Beginning with the line that contains "Long Creek Estates Ii - Land", transcribe the rest of the listing below exactly, including its last line, and exclude any pictures.

§ Extracted data:
==================================================

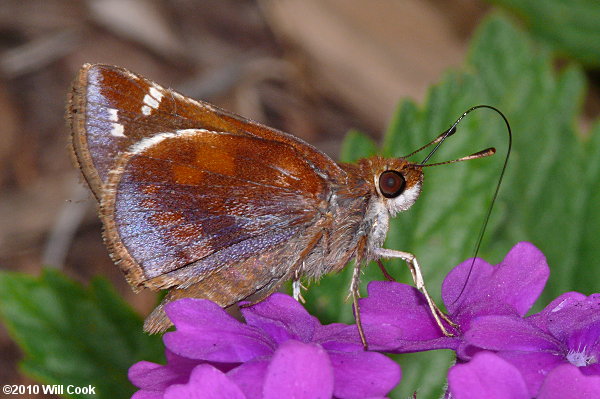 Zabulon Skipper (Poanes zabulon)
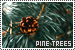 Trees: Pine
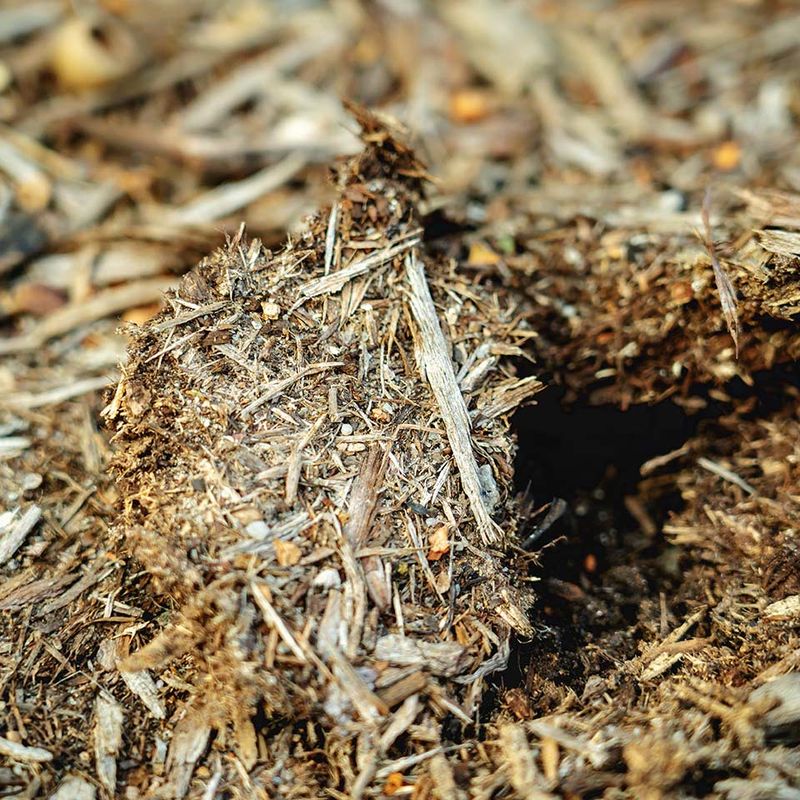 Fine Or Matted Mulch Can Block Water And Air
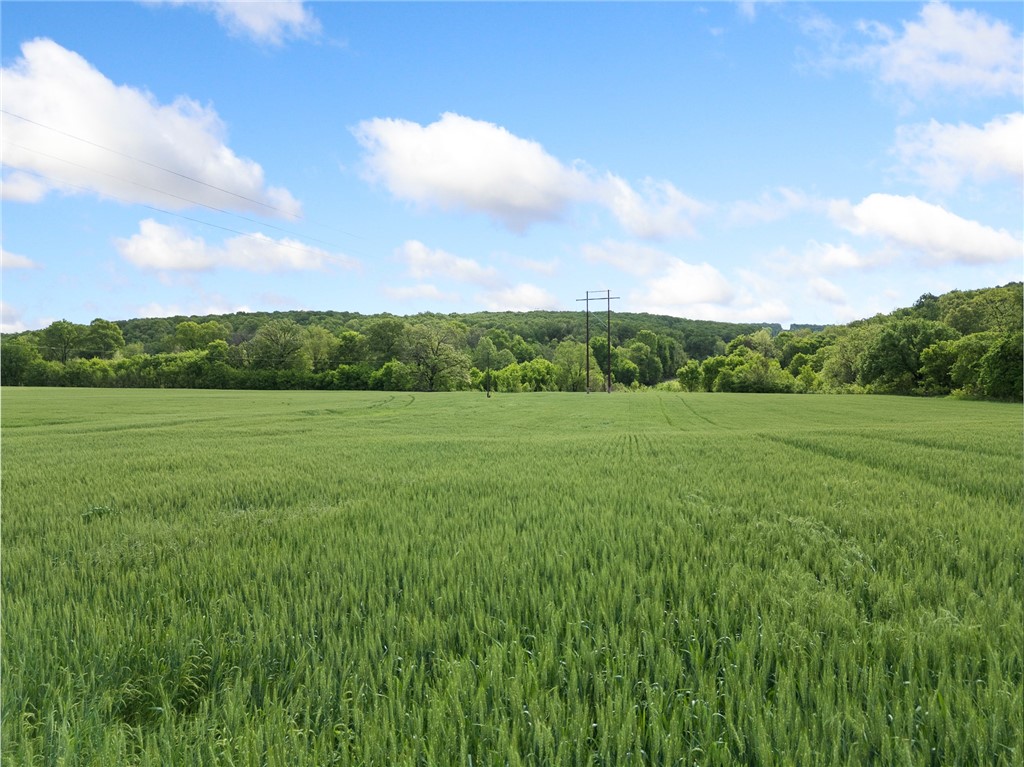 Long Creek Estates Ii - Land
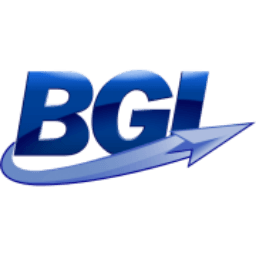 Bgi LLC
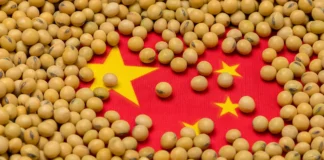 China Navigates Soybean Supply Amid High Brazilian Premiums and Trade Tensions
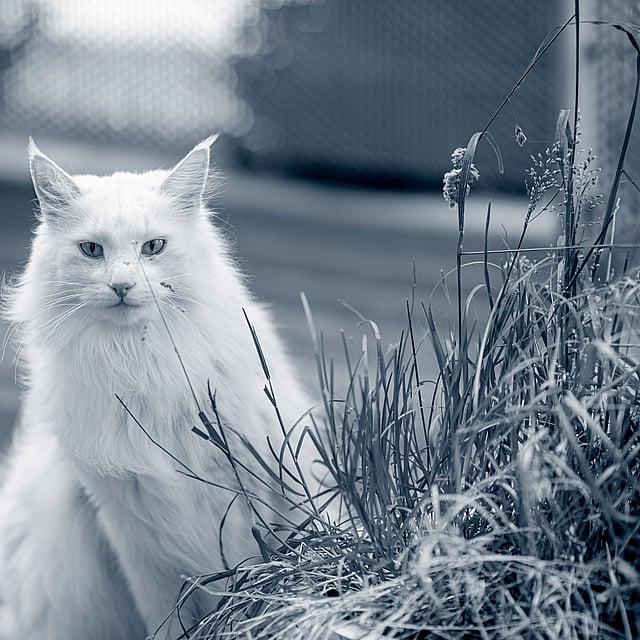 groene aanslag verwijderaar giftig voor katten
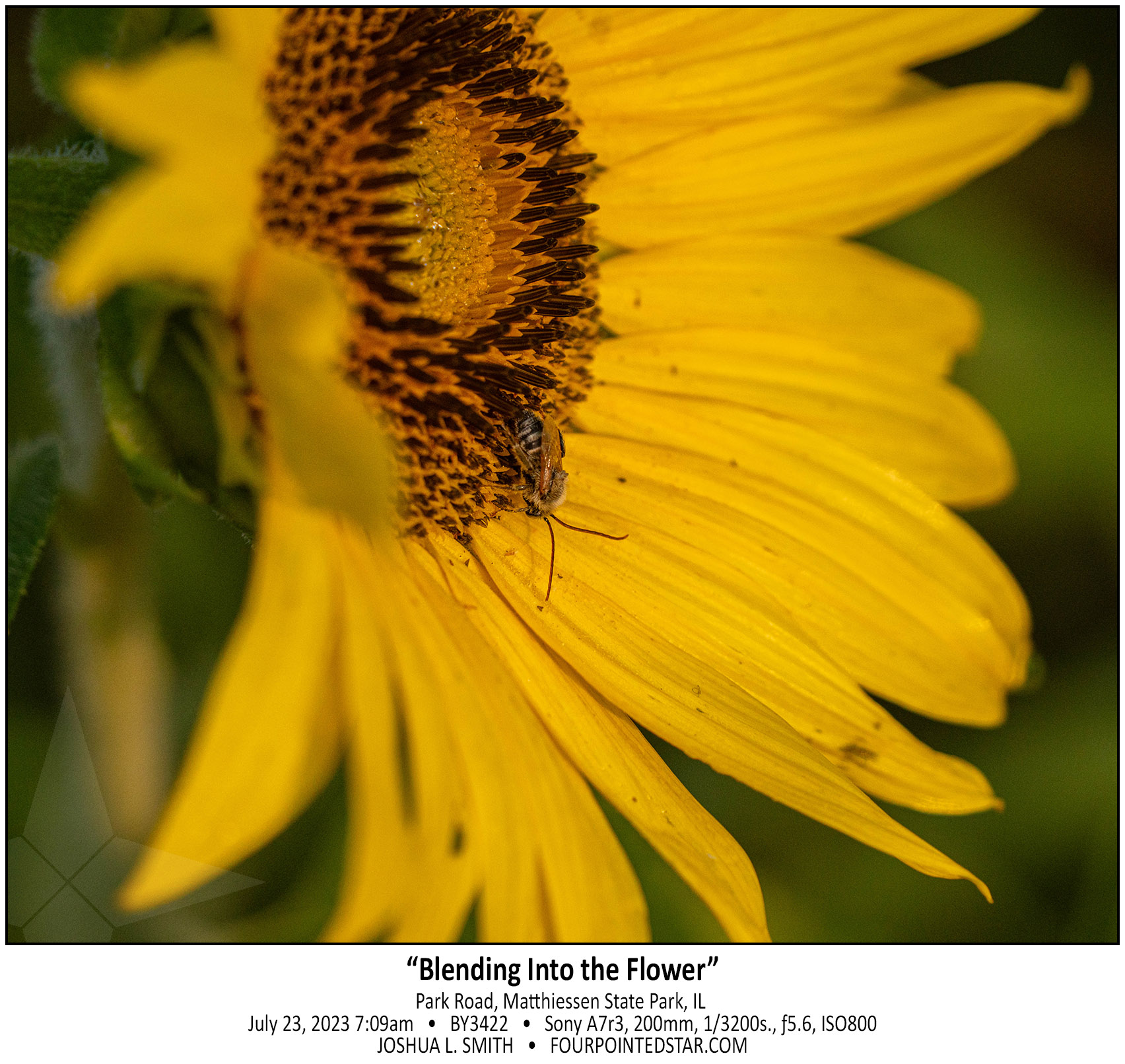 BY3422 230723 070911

==================================================

§ Reply to the exercise:
 Long Creek Estates Ii - Land
 Bgi LLC
 China Navigates Soybean Supply Amid High Brazilian Premiums and Trade Tensions
 groene aanslag verwijderaar giftig voor katten
 BY3422 230723 070911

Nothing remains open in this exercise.